Malware involved in the hack against Sony has been linked to earlier attacks in South Korea by the security firm Symantec.

Some Destover samples are reporting to the same command and control (C&C) server used by the trojan Volgmer, which makes the company believe the same group is behind both attacks.

Symantec said: "Volgmer is a targeted piece of malware, likely used by a single group, which has been used in limited attacks, possibly as a first stage reconnaissance tool. It can be used to gather system information and download further files for execution."

"Significantly, the version of Volgmer which shares a C&C with Destover was configured specifically to attack South Korean targets and will only run on Korean computers."

Volgmer is capable of opening backdoors in computers, facilitating communication between the machine and the C&C server to download more malware, remotely execute commands and steal data.

"Interestingly, the variants of Volgmer that share a C&C server with Destover are configured to end execution if the compromised computer’s region is not ‘Korea’," the company added.

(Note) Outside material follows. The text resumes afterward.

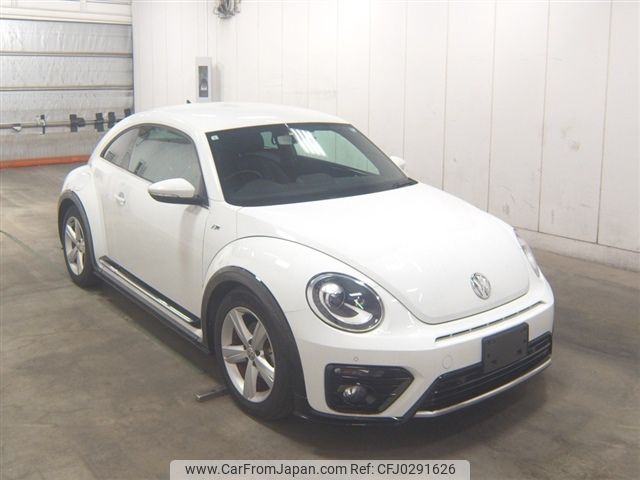 volkswagen the-beetle 2017 CFJ0291626 image 1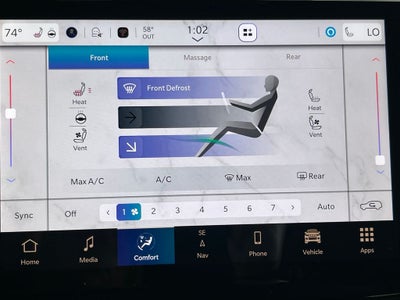 2025 Jeep Grand Cherokee L Overland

Symantec also found that Destover has techniques and component names in common with Jokra, also called DarkSeoul after the group behind it, which hit banks and news groups in South Korea in what is thought to have been a politically motivated attack.

In addition Destover shares drivers with Shamoon, a piece of malware that a company insider used to attack oil company Saudi Aramco, deleting data on three-quarters of the firm’s computers and posted a picture of a burning US flag.

Kaspersky Lab, another security company, said that the groups behind Destover, Shamoon and Jokra had "operational and toolset characteristics [that] all carry marked similarities", but like Symantec did not conclude they were necessarily the same actors.

"In this instance it appears highly unlikely that the same group was behind both attacks and instead it would appear that the Destover attacks copied techniques from Shamoon," Symantec added.